The diagram below shows the topic orders with three partitions. Each partition is an independent log with its own offset sequence, and producers append to the tail (the highest offset) of whichever partition a record is routed to.

 Topic: orders
 ┌──────────────────────────────────────────────┐
 │ Partition 0   offset: 0   1   2   3   4 ──► append
 │               recs:  [A] [B] [C] [D] [E]
 ├──────────────────────────────────────────────┤
 │ Partition 1   offset: 0   1   2 ──► append
 │               recs:  [F] [G] [H]
 ├──────────────────────────────────────────────┤
 │ Partition 2   offset: 0   1   2   3 ──► append
 │               recs:  [I] [J] [K] [L]
 └──────────────────────────────────────────────┘
 offsets are unique PER PARTITION — offset 2 means
 a different record in each of the three partitions

Ordering: per-partition, not global

Kafka guarantees ordering within a single partition only. If two records are written to partition 0, the one with the lower offset is always read first by any consumer. There is no global ordering across partitions — once orders has three partitions, Kafka makes no promise about the relative order of a record in partition 0 versus one in partition 1.
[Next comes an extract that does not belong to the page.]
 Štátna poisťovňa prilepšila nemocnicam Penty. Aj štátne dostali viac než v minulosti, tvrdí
This is the single most important trade-off in Kafka’s design. More partitions buy you parallelism and throughput, but they cost you total ordering. The practical consequence: if a set of records must be processed in order relative to each other (for example, all events for one customer or one order), they must land in the same partition. You control that by choosing a partition key — records with the same key are always routed to the same partition.
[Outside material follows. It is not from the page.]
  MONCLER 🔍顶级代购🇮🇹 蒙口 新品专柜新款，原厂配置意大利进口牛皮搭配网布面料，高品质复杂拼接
// Same key ("order-42") => same partition => ordered relative to each other
var producer = new KafkaProducer<String, String>(props);
producer.send(new ProducerRecord<>("orders", "order-42", "CREATED"));
producer.send(new ProducerRecord<>("orders", "order-42", "PAID"));
producer.send(new ProducerRecord<>("orders", "order-42", "SHIPPED"));
producer.flush();

Tip: If you genuinely need strict global ordering for an entire topic, you must use a single partition — which caps you at one consumer per group and one broker’s throughput. Prefer per-key ordering with a sensible key instead; it is almost always the right granularity.
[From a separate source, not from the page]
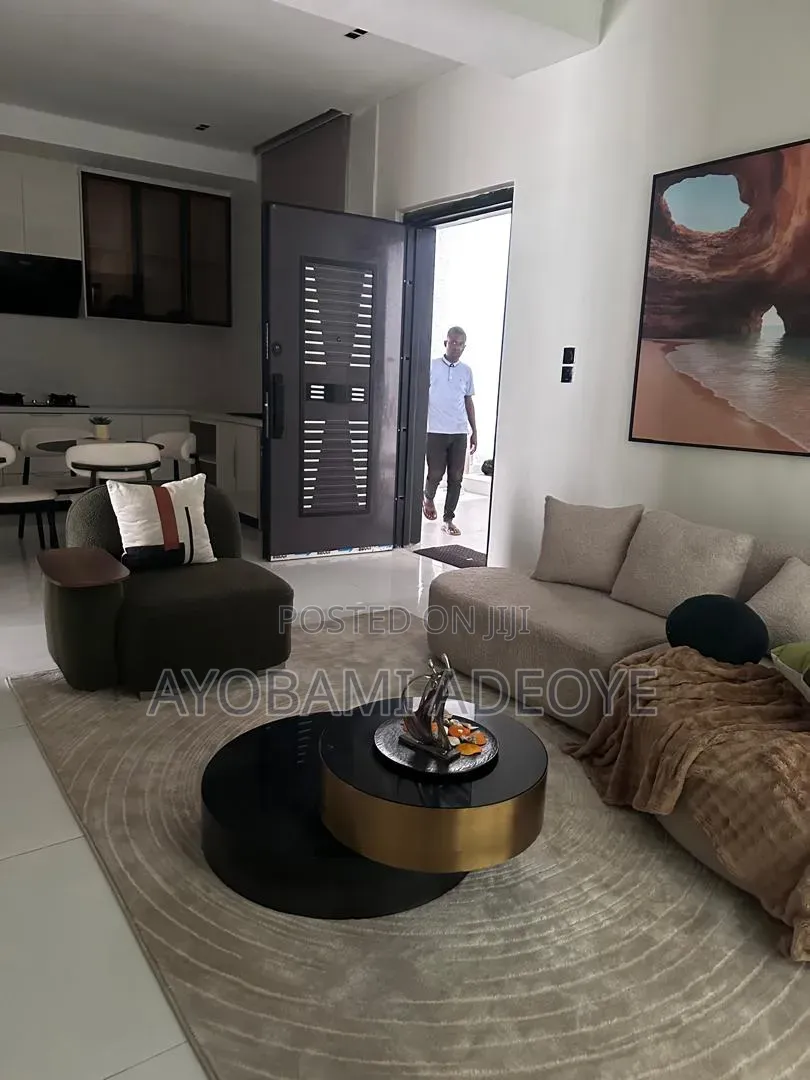 2bdrm Apartment in Seagate Estate Ikate for sale in Ikate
You can inspect partition boundaries and offsets directly with the CLI:

kafka-get-offsets.sh --bootstrap-server broker1:9092 --topic orders

Output:

orders:0:5
orders:1:3
orders:2:4

Each line is topic:partition:end-offset, where the end offset is the offset that will be assigned to the next record appended to that partition.

Concept	Scope	Guarantee
Topic	Logical name	Groups partitions; no ordering of its own
Partition	One broker (leader)	Append-only, strict order by offset
Offset	Within one partition	Unique, monotonically increasing, never reused
Ordering	Per partition	Total order inside a partition, none across partitions

Reading offsets in Spring Boot

Spring for Apache Kafka surfaces the partition and offset of every record on the ConsumerRecord, which is invaluable for logging, idempotency, and debugging ordering issues.

@Component
public class OrderListener {

    @KafkaListener(topics = "orders", groupId = "orders-service")
    public void onOrder(ConsumerRecord<String, String> record) {
        // Each record carries its exact position: (topic, partition, offset)
        System.out.printf("p=%d offset=%d key=%s value=%s%n",
                record.partition(), record.offset(),
                record.key(), record.value());
    }
}

Best Practices

Choose a partition count that gives you headroom for consumer parallelism — you can never have more active consumers in a group than partitions.
Use a meaningful partition key (customer id, order id, account id) so records that must stay ordered share a partition.
Treat ordering as per-key, not per-topic; design around the fact that there is no global order across partitions.
Track progress with (topic, partition, offset) and make consumers idempotent, since at-least-once delivery can replay an offset.
Over-provision partitions modestly at creation time; adding partitions later changes key-to-partition routing and breaks existing key ordering.
Reserve single-partition topics for the rare cases that truly require strict total ordering, and accept the throughput ceiling that comes with them.